• [Information shown]:

>>>>>

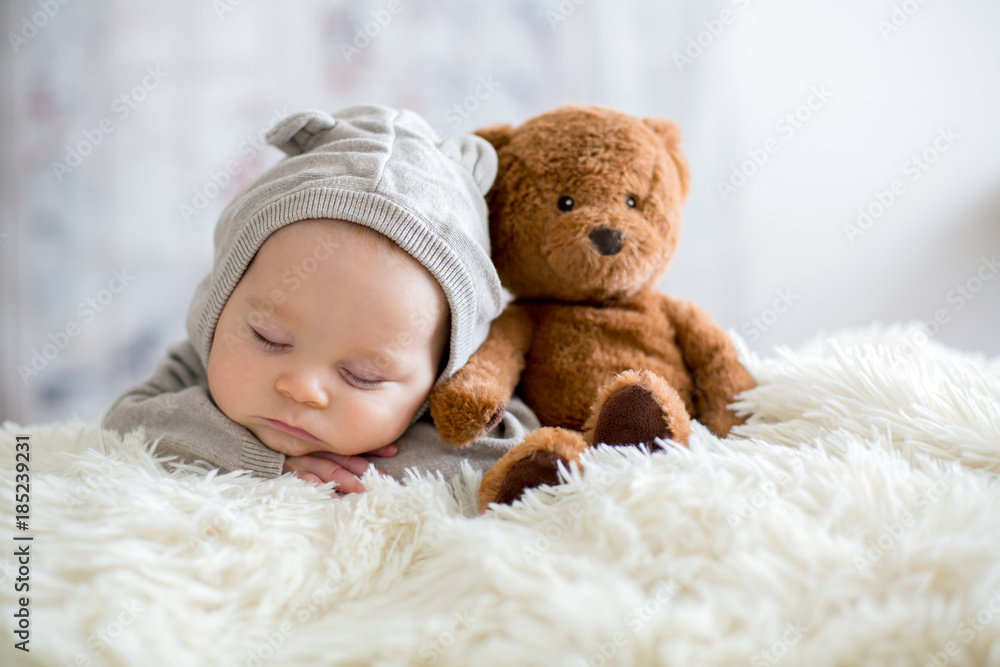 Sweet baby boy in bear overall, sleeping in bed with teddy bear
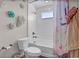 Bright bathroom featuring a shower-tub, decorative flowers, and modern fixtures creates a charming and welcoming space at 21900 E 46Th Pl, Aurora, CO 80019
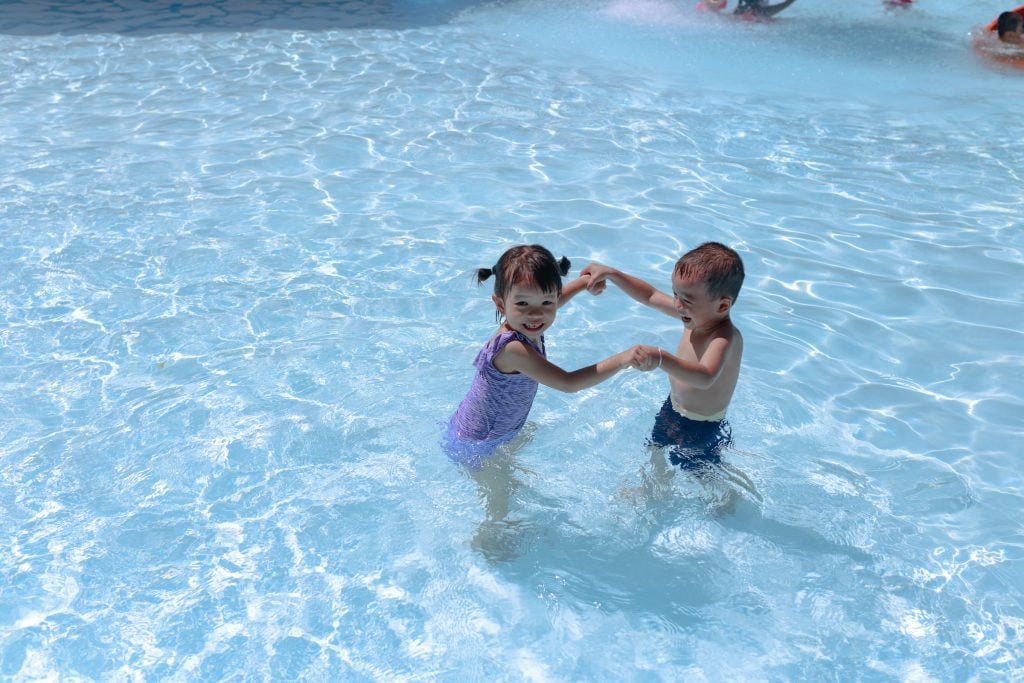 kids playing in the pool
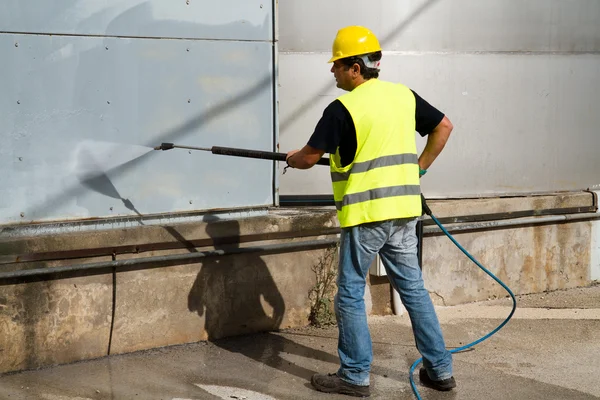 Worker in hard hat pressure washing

<<<<<

• [Task to complete]: Copy out the whole listing word for word, except for any picture it includes.

• [Finished exercise]:
 Sweet baby boy in bear overall, sleeping in bed with teddy bear
 Bright bathroom featuring a shower-tub, decorative flowers, and modern fixtures creates a charming and welcoming space at 21900 E 46Th Pl, Aurora, CO 80019
 kids playing in the pool
 Worker in hard hat pressure washing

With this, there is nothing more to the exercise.